Re: .999... = 1

MoeBlee wrote: 
.999... = 1. As famous as this theorem is, I haven't been able to find
a rigorous proof (one that does not use infinite strings in additive
columns as if the strings were finite) and I haven't been able to prove
it for myself. I'd like to have a proof that:

lim of SUM[k = 1 to n]9/(10^k) = 1. 

It's a geometric series, with a = 9/10, r = 1/10.
Since |r| < 1; it's convergent to a / (1 - r).

I think that a more rigorous approach is to
start with the definition of real numbers as
equivalence classes of Cauchy sequences.  Then,
showing that the Cauchy sequences for 1 and .999...
are in the same equivalence class is easy.

I tried the following (since this is such a familiar subject, such
things as that 'e' ranges over reals and 'n' over naturals are
implicit):

Let f(n) = SUM[k = 1 to n]9/(10^k)

Show that, for all e, there exists n, such that, for all k > n,
|1 - e| > |1 - f(k)|.


Let e be 1.  There isn't any n such that 0 > | f(n) - 1 |.

Suppose |1 - e| > 1/(10^j) for some j > 0. Then let n = j. Let k > n.
Show, by induction on k, that 1/(10^j) > |1 - f(k)|.

For the basis step, k = 0, the result is vacuously true, since k > n >
0. Or, the basis step could have k = 2 (since k > n > 0) and, in this
case, the basis step holds since if k = 2, then j = 1, and 99/100 is
closer to 1 than is 9/10. But at the inductive step I just get tangled
in calculations that don't seem to be leading to the result, as well as
I do not see how to use the crucial fact that 9 is the numerator. Maybe
I'm approaching this wrong from the start.

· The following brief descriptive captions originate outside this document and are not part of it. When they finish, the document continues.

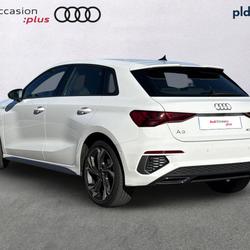 Audi A3 Sportback A3 Sportback 40 TFSIe 204 S tronic 6 S Line Saint-Victoret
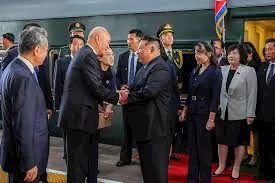 صورة 2 ابنة زعيم كوريا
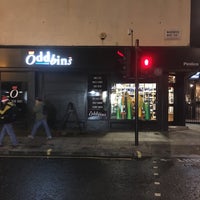 Photo taken at Oddbins by Grant D. on 12/20/2015
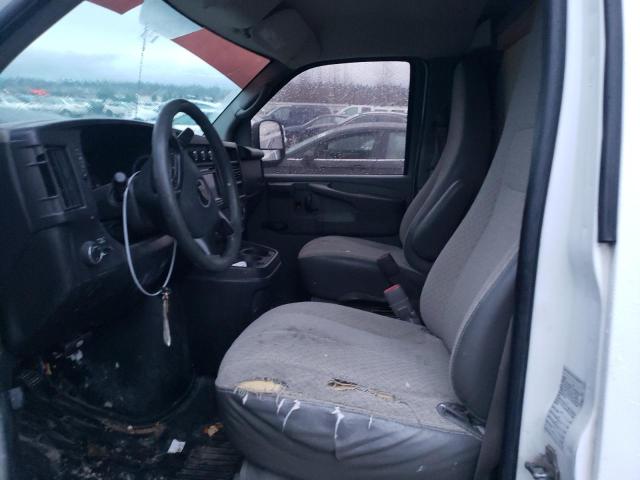 Photo 7 from auction – 2010 CHEVROLET EXPRESS G3 with VIN 1GC2GUBA0A1176169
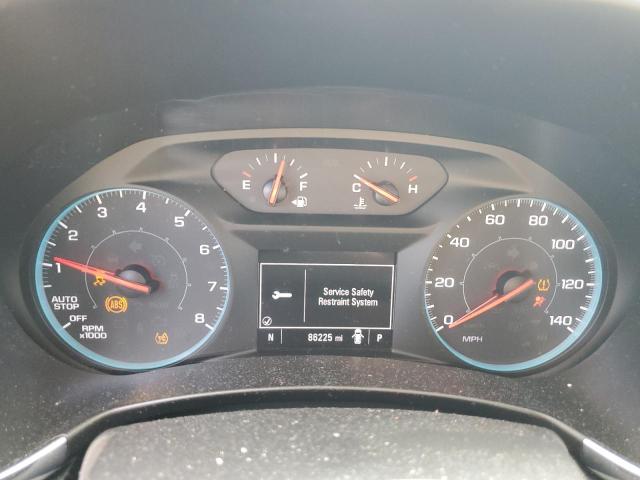 3GNAXHEV1KL123354 - 2019 CHEVROLET EQUINOX LS 粉色 照片 9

This is not an exercise, as I just would like to have this proof as a
matter of record for a conversation about the subject. So, while hints
are appreciated, a finished proof would be even more appreciated. I
hope the proof doesn't require much more than the little I know, but if
the proof requires some more advanced theorems, then so be it, as I'll
need to learn these theorems anyway.

Thanks in advance for any help you would provide.

MoeBlee

P.S. This is posted to sci.logic rather than sci.math, since I just
happen to be familiar with the postings of enough people in sci.logic
that I know there are some who I can trust their expertise.


Seems off topic.  There are plenty of sharp people in sci.math,
including the ones who also follow sci.logic.
.